Carroll is believably put upon - you can see her attempting to maintain a vague sense of calm with her kids - her explosions are inevitable, but carry the weariness of someone used to juggling multiple balls in the air.
James Earl Jones is so effortlessly charming as her new love Roop, one wishes he had more opportunities to continue in this mould.
Of course as the movie progresses, and the pressures on the couple build, his trajectory becomes the spine of the film’s third act.
Initially Claudine is sceptical at this extremely forward man who asks her out within seconds of seeing her for the first time.
While their meeting is a meet cute, their courtship is a slow dance.
And Roop also has to win over her kids - this is more of a war of attrition, with the kids showing a variety of different responses to this stranger.
When the relationship is discovered, Roop is willing to jump through the hoops the system throws in his way - but the movie is too smart to turn him into a saint.
As the couple attempt to navigate life together, his own familial obligations almost overwhelm him
Roop undergoes a breakdown and retreats from every aspect of life.
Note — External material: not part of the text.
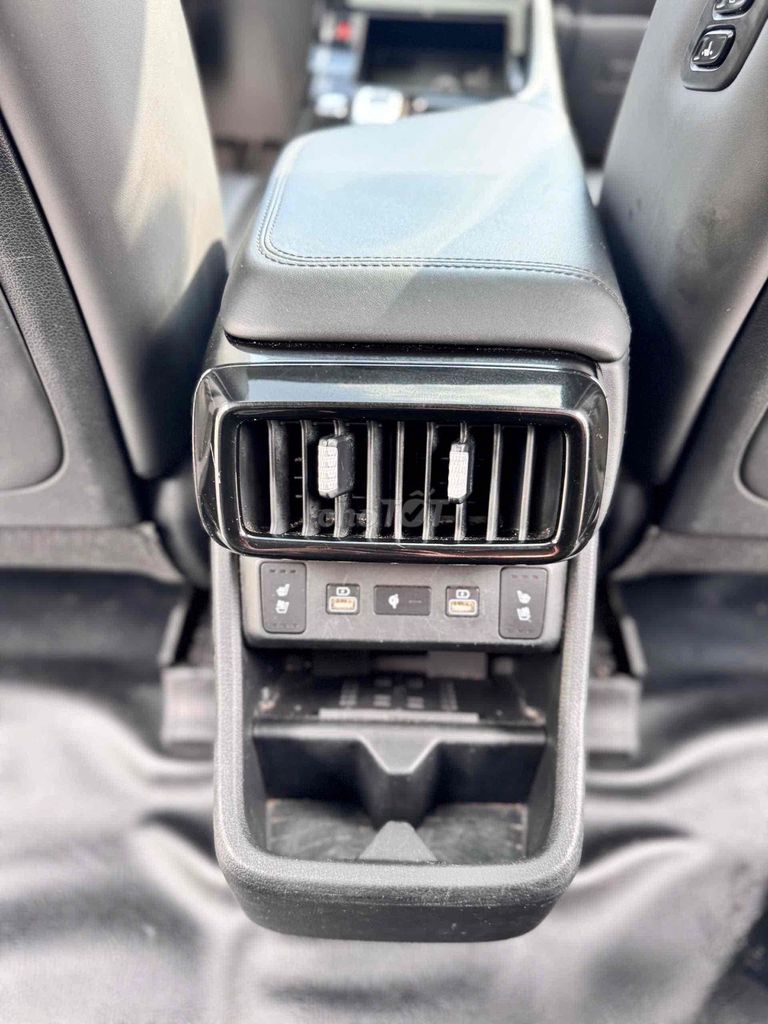 Hyundai Custin 2023 Đặc Biệt 1.5T - 40000 km. Mua bán Ô tô tại Quận Gò Vấp Tp Hồ Chí Minh được đăng bởi Ms Thư  hình 9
Shockingly, this once proud, free-spirited man, is a shell of himself, intent on disappearing into a bottle.
This is one romantic comedy that is not immune to systemic racism or economic pressure.
His fall is a massive part of the film’s second half, and while I wanted to see how it resolved, I was very keen to see how the movie pulled out of this turn toward tragedy.
Ending with a wedding, a foot chase and a mass arrest, Claudine manages to pull it off.
Directed by former blacklistee John Berry (He Ran All The Way), Claudine was a big hit on release, and was lauded for standing out from the more action-oriented blaxploitation films which were cresting in the early seventies. Sadly, few black-centred romantic comedies would follow in its wake until Hollywood remembered this audience existed in the early nineties.